Pour Ananie Rabier Bindzi journaliste à Canal2, les textes qui régulent la redevance audiovisuelle et la publicité sont vieux. «À l’époque la redevance audiovisuelle s’appelait la taxe Crtv. D’autres journalistes l’appellent la perfusion, parce qu’elle rajoute d’un coup plus de 100 000 fcfa sur le salaire de chaque journaliste. De nos jours, il y a des nouvelles télévisions privées. Il faut trouver une nouvelle formule», indique le journaliste Anani.

A la télévision privée Equinoxe, les dirigeants pensent que les médias privés ont progressivement pris une place importante dans la société au point de remettre en question le professionnalisme et l’objectivité des médias d’Etat. Et il serait tout à fait normal que l’Etat respecte ses engagements, ceux d’apporter un soutien à tous les médias, et non seulement à la Crtv.

Les autres chaînes de télévision comme Dbs, Stv, Ltm et autres vont dans le même sens. Surtout qu’elles n’arrivent pas à décrocher de grosses annonces publicitaires, qui vont toujours à la chaîne publique.

Le ministère de la communication indique qu’il faudra engager des discussions avec les patrons de médias privés pour trouver un équilibre. Mais que la loi sur le sujet devrait être adoptée à l’assemblée nationale.

Les engagements internationaux non respectés

L’Etat a signé et ratifié des traités sur le plan international, c’est-à-dire des engagements qui ont plus de poids que la constitution et qu’il doit donc respecter. En clair, le Cameroun s’est engagé auprès de la communauté internationale à adopter des lois pour permettre et à ses citoyens de jouir du «droit à l’information» et du «droit d’exprimer et diffuser ses opinions».

L’article 9 de la charte africaine des droits de l’homme et des peuples précise que «tout le monde a droit à l’information». L’application de cette loi est rendue obligatoire par l’article 1 de cette même charte qui stipule que «les Etats membres de l’organisation de l’Union Africaine, parties à la présente charte, reconnaissent les droits, devoirs et libertés annoncés dans cette charte et s’engagent à adopter des mesures législatives ou autres pour les appliquer».

L’article 2 de la charte qui est aussi une autre mesure de contrainte de l’Etat à respecter le droit à l’information, précise que «toute personne a droit à la jouissance des droits et libertés reconnus et garantis dans la présente charte sans distinction aucune, notamment de race, d’ethnie, de couleur, de sexe, de langue, de religion, d’opinion politique ou de toute autre opinion d’origine nationale ou sociale ou de toute autre situation».

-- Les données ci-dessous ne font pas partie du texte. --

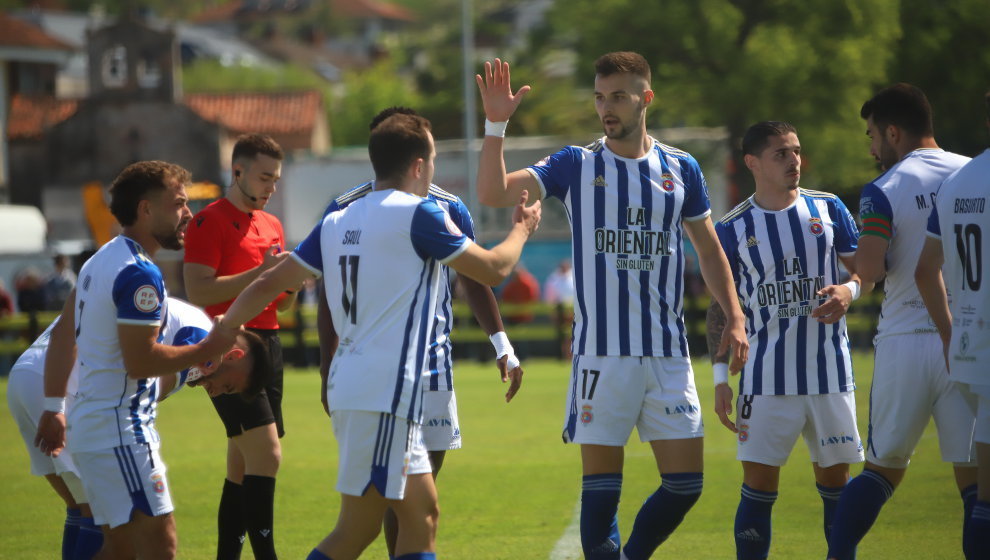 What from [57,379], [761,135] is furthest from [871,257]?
[57,379]

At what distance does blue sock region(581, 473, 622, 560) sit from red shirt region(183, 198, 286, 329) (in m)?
2.24

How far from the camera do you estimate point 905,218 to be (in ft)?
20.7

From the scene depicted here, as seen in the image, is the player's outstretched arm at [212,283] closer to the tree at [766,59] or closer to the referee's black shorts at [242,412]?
the referee's black shorts at [242,412]

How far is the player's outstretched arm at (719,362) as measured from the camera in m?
6.50

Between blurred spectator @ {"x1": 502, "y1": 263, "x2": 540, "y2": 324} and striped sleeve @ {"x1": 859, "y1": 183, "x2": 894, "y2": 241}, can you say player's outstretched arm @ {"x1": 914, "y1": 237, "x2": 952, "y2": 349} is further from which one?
blurred spectator @ {"x1": 502, "y1": 263, "x2": 540, "y2": 324}

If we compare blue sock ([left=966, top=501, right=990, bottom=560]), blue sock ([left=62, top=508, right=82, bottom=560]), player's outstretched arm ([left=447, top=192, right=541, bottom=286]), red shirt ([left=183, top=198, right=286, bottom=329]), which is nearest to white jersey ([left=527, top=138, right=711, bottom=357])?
player's outstretched arm ([left=447, top=192, right=541, bottom=286])

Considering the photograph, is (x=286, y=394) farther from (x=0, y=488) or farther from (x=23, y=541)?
(x=23, y=541)

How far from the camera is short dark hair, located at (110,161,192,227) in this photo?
5668 millimetres

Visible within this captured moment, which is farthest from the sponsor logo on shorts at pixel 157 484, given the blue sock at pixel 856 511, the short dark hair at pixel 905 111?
the short dark hair at pixel 905 111

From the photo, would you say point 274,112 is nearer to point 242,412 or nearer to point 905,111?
point 242,412

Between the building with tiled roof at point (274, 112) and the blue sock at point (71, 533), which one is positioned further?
the building with tiled roof at point (274, 112)

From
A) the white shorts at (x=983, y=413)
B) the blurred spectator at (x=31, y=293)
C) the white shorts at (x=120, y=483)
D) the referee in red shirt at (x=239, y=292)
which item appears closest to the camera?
the white shorts at (x=983, y=413)

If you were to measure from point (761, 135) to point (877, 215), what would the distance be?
84cm

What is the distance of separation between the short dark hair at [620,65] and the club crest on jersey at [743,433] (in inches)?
77.3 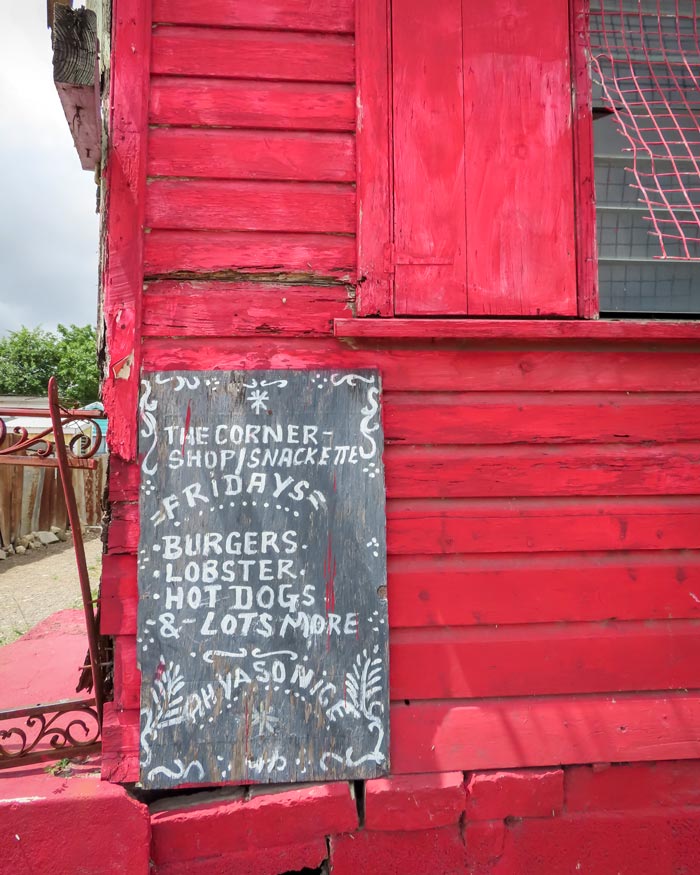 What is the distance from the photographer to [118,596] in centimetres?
212

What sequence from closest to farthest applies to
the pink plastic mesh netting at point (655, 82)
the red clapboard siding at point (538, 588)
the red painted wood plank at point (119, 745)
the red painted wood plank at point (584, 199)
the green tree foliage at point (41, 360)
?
the red painted wood plank at point (119, 745)
the red clapboard siding at point (538, 588)
the red painted wood plank at point (584, 199)
the pink plastic mesh netting at point (655, 82)
the green tree foliage at point (41, 360)

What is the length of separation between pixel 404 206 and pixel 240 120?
73 centimetres

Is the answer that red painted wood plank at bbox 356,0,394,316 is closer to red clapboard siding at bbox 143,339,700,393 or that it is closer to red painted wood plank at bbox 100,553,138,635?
red clapboard siding at bbox 143,339,700,393

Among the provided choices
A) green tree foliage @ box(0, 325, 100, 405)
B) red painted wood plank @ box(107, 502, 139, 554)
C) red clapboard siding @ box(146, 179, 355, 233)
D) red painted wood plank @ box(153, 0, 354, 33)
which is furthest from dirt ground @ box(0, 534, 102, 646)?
green tree foliage @ box(0, 325, 100, 405)

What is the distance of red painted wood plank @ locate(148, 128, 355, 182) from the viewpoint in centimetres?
222

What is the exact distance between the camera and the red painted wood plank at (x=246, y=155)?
222 centimetres

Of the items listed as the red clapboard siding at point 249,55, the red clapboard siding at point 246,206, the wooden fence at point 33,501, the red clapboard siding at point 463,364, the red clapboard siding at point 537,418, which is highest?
the red clapboard siding at point 249,55

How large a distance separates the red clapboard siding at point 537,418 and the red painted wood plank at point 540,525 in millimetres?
253

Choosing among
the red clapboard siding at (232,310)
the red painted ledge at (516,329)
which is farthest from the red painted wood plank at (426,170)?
the red clapboard siding at (232,310)

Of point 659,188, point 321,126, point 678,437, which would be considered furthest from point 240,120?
point 678,437

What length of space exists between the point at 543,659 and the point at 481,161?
2.00m

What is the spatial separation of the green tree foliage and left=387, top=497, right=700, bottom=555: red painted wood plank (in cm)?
3702

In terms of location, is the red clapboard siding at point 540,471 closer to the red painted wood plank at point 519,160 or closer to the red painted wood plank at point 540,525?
the red painted wood plank at point 540,525

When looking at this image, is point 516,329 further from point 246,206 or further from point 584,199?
point 246,206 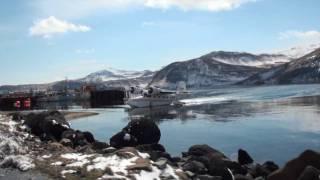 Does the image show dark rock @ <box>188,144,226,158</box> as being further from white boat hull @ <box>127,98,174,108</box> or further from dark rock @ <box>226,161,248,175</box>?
white boat hull @ <box>127,98,174,108</box>

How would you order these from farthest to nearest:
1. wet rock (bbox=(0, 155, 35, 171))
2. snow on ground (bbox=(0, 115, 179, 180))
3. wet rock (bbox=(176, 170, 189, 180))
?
wet rock (bbox=(0, 155, 35, 171))
wet rock (bbox=(176, 170, 189, 180))
snow on ground (bbox=(0, 115, 179, 180))

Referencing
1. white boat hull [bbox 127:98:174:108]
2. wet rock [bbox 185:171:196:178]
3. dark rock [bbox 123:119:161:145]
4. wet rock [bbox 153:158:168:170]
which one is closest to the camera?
wet rock [bbox 153:158:168:170]

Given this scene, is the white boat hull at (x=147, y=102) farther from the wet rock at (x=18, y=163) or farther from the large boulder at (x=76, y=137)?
the wet rock at (x=18, y=163)

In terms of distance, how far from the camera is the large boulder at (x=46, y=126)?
38.4 metres

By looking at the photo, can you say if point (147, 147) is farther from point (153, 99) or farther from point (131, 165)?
point (153, 99)

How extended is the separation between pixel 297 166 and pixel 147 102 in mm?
83353

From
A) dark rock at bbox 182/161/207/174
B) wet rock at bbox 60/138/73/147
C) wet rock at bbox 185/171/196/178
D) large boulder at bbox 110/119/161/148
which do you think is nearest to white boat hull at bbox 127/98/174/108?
large boulder at bbox 110/119/161/148

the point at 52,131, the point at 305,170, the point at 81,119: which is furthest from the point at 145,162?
the point at 81,119

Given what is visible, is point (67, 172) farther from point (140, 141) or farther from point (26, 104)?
point (26, 104)

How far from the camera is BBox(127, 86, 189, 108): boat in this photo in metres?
103

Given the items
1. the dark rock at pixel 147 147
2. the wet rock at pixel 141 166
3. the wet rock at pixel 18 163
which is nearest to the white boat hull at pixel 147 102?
the dark rock at pixel 147 147

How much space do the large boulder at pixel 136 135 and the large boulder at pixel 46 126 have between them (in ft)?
15.1

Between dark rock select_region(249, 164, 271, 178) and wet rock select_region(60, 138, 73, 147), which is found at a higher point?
wet rock select_region(60, 138, 73, 147)

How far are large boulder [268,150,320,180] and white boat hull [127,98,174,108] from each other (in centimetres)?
8116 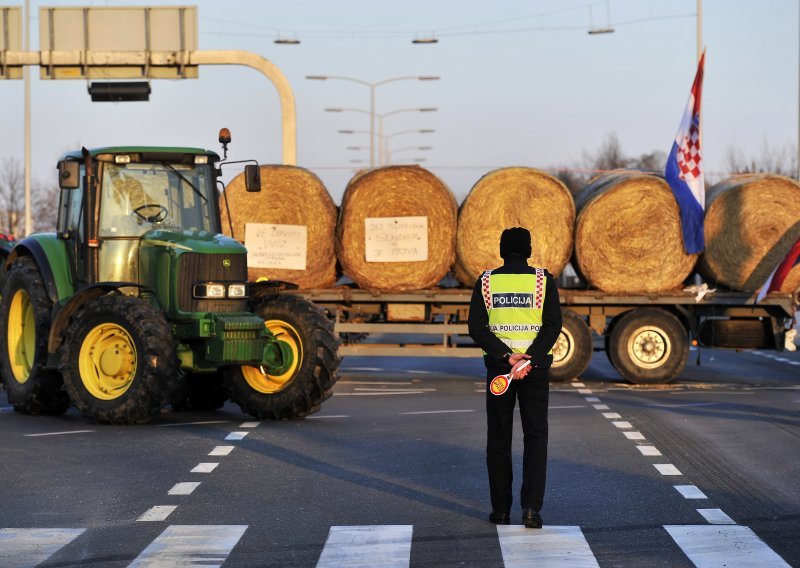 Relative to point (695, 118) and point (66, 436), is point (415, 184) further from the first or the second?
point (66, 436)

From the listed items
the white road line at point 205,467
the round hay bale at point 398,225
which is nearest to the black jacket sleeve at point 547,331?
the white road line at point 205,467

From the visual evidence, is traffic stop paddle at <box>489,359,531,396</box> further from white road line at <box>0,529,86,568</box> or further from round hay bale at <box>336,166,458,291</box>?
round hay bale at <box>336,166,458,291</box>

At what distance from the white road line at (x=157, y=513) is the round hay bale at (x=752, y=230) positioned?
13.4 meters

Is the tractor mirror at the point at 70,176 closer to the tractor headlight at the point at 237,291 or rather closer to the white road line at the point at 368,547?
the tractor headlight at the point at 237,291

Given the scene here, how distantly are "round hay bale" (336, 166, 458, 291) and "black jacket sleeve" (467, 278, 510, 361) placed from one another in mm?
12189

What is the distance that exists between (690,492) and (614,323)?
11560 millimetres

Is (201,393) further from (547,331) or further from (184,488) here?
(547,331)

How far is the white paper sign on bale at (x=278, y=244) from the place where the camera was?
74.1 feet

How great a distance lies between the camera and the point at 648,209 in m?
22.3

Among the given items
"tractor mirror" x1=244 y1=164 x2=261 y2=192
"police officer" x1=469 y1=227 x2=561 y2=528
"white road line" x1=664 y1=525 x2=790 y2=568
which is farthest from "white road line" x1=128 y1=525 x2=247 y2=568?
"tractor mirror" x1=244 y1=164 x2=261 y2=192

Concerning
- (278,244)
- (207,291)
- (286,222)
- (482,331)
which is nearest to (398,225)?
(286,222)

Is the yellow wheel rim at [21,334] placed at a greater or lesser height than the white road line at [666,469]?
greater

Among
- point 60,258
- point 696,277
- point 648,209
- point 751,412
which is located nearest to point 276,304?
point 60,258

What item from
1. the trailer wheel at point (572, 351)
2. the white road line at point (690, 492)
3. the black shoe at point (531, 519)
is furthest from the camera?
the trailer wheel at point (572, 351) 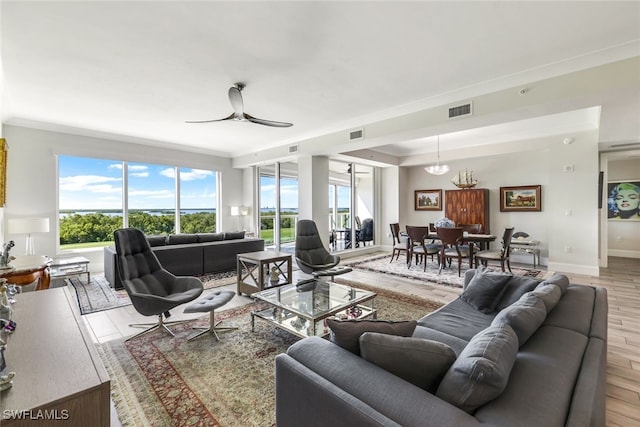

L’Etat a également l’obligation de prendre des mesures pour que ses citoyens jouissent de la «liberté de rechercher, de recevoir, et de répandre des informations et des idées de toute espèce sans considération de frontières, ou sous une forme orale, écrite, imprimée, artistique ou par tout autre moyen de son choix».

l’Etat est obligé de respecter les exigences de cet article en vue des dispositions de l’article2 du pacte international relatif aux droits civils et politiques qui stipule que «Les Etats parties au présent Pacte s’engagent à prendre, en accord avec leurs procédures constitutionnelles et avec les dispositions du présent Pacte, les arrangements devant permettre l’adoption de telles mesures d’ordre législatif ou autre, propres à donner effet aux droits reconnus dans le présent Pacte qui ne seraient pas déjà en vigueur».

Seule la Crtv Bénéficie de ces dispositions alors que les médias privés font le même travail d’information. Si l’Etat ne leur donne pas satisfaction, les patrons de presse peuvent saisir la justice pour contraindre l’Etat de respecter leurs droits en se fondant sur les textes cités. Un combat que les patrons de médias privées sont d’ailleurs prêt à mener, puisqu’ils préparent une rencontre avec le ministre de la ministre de la communication sur cette question dans les prochains jours.